Cache Invalidation
Cache Invalidation
Phil Karlton's famous quip — "There are only two hard things in Computer Science: cache invalidation and naming things" — is funny precisely because it is true. Serving stale data can be just as catastrophic as serving no data at all. A product page showing yesterday's sold-out price, a permissions check returning a cached "allowed" after the user was banned, a DNS record still pointing at a decommissioned server — all are cache invalidation failures in the wild.
Cache invalidation is the discipline of deciding when and how to remove or replace cached entries so that clients never observe data that is more out-of-date than the system can tolerate. It is genuinely hard because it requires coordinating two or more data stores (the cache and the source of truth) in the face of concurrent writes, partial failures, and network partitions.
The Root Cause: Dual-State Problem
Once you have a cache, the same logical record exists in two places: the origin store (database, object storage, microservice) and the cache. Every write to the origin creates a window of inconsistency. How long that window lasts — and whether it matters — is the central question of invalidation strategy.
Strategy 1: TTL-Based Expiry (Passive Invalidation)
The simplest approach is to let every cache entry carry a Time-To-Live. When the TTL expires, the next read triggers a cache miss and the fresh value is fetched. No explicit coordination is needed between the writer and the cache.
- Pros: Zero coupling between writer and cache; trivially simple to implement; built into Redis, Memcached, HTTP headers (
Cache-Control: max-age), and every CDN. - Cons: Staleness is bounded by the TTL, not by the actual write. A TTL of 60 seconds means every cached value can be up to 60 seconds wrong. Choosing the right TTL requires knowing the write frequency and the acceptable staleness — often domain knowledge that is hard to quantify.
A practical rule: set the TTL to roughly half the expected change interval. A product catalog updated twice a day can tolerate a TTL of 3–6 hours. A stock ticker should use a TTL of 1–2 seconds at most, or skip TTL-only caching entirely.
base_ttl + rand(0, jitter)) so expirations spread out over time.
Strategy 2: Write-Through Invalidation (Active / Eager)
The writer is responsible for keeping the cache consistent. Whenever it writes to the origin, it immediately either deletes the cache entry (invalidation) or updates it in place (write-through). The next read will either be a cache miss (and refresh from origin) or will find the freshly written value.
- Delete-on-write (invalidate): Simpler and safer. The writer calls
cache.del(key)after persisting to DB. The next reader pays a cache miss but always gets fresh data. This is the most common pattern in application-layer caches. - Update-on-write (write-through): The writer both persists to DB and sets the cache to the new value. Eliminates the miss, but adds complexity: what if the DB write succeeds and the cache write fails? You now have inconsistency in the opposite direction.

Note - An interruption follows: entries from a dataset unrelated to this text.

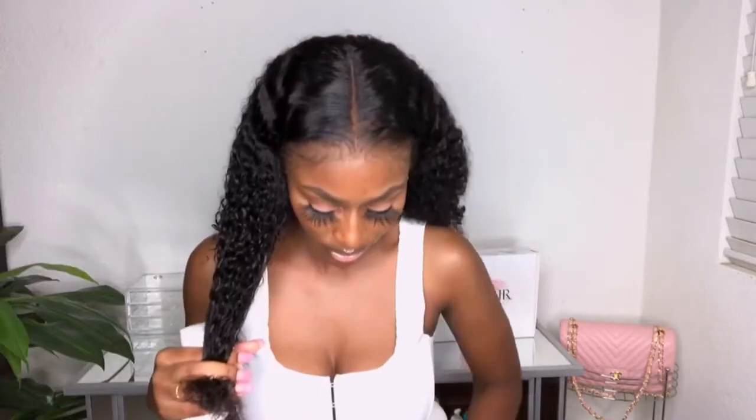By the way, this wig does have some lace in the back and I never cut it — as long as I've been wearing this wig, I have not cut the lace off in the back. I usually just tuck it in. I guess that's for if you wanted to pull it into a ponytail. I probably should go ahead and cut that off. I'm just going to go in with some water and saturate the hair a bit.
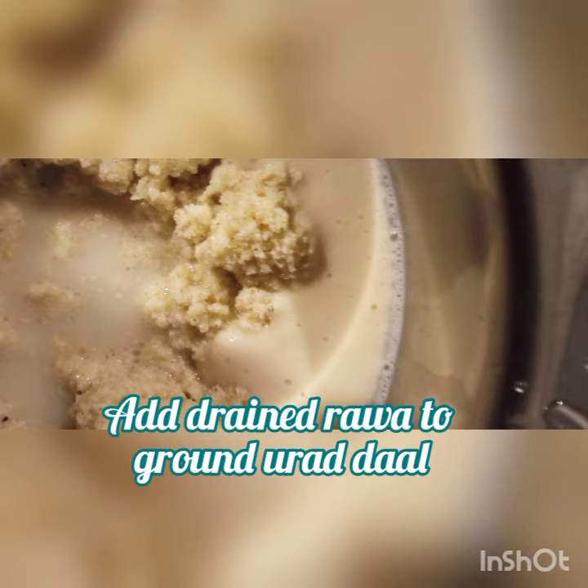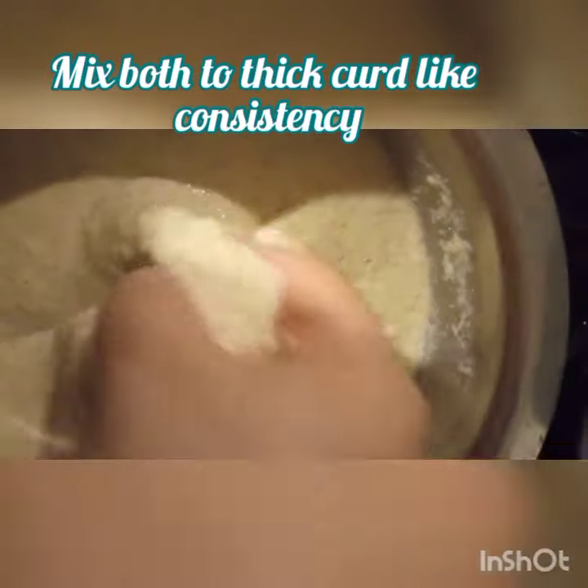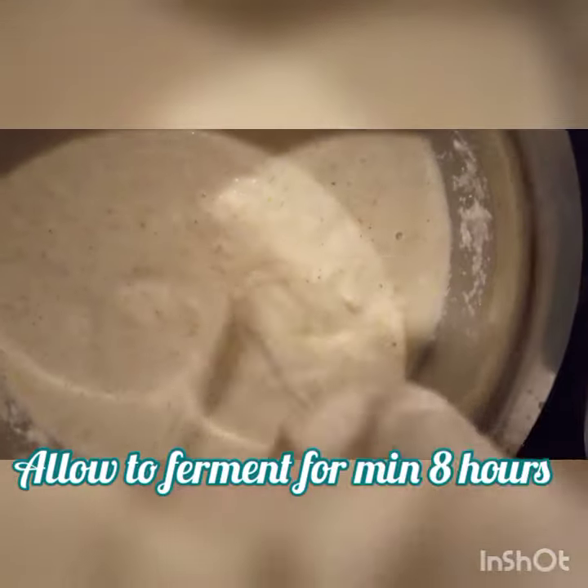Jova idli rava, 4 cups, soaked for at least one hour. Add this drained rava to the ground urad dal which was soaked for five hours. Mix them both — make sure the consistency is like thick curd.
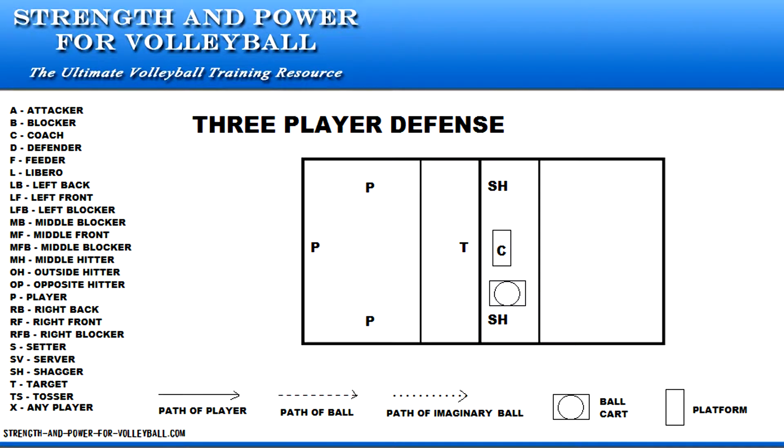Three player defense. This drill works on learning to move quickly, communicating with teammates, and running down balls on the defense.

Strategy 3: Event-Driven Invalidation (CDC / Pub-Sub)
Rather than coupling every writer to cache-clearing logic, you can use a change-data-capture (CDC) pipeline or a message bus. When the database commits a row change, an event is emitted (via Kafka, Redis Pub/Sub, or a CDC tool like Debezium) and all cache nodes subscribed to that key pattern clear or refresh their entries.

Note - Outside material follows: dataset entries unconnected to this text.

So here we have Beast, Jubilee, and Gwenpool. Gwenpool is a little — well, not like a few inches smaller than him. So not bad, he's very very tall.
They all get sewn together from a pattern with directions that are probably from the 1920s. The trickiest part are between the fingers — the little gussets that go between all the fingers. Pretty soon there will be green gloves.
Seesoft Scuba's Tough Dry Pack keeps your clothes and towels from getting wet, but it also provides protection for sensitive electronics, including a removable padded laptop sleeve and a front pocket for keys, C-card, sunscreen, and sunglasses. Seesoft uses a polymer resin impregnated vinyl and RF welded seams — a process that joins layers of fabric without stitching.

This is how large platforms keep caches consistent across many microservices without every service knowing about every cache. Netflix, Airbnb, and Shopify all use CDC-based cache invalidation at scale.
Strategy 4: Cache Tags (Dependency-Based Invalidation)
Many application frameworks (Laravel, Symfony, Varnish) support cache tags: you attach logical group labels to entries when you write them, and you can invalidate all entries sharing a tag with a single call.
This is powerful for object graphs: a cached rendered page might depend on a product, its category, its author profile, and the current promotional banner. Tagging the page entry with all four means any change to any of those objects automatically invalidates the page — no manual bookkeeping.
The Hardest Case: Distributed Cache Invalidation
When you run multiple application servers, each may have its own local in-process cache (L1). A write on server 1 invalidates server 1's local cache but leaves server 2, 3, and 4 with stale data. Solutions include:
- Skip L1, use only a shared L2 (Redis): All servers share one cache. Simpler, but adds network RTT to every cache hit.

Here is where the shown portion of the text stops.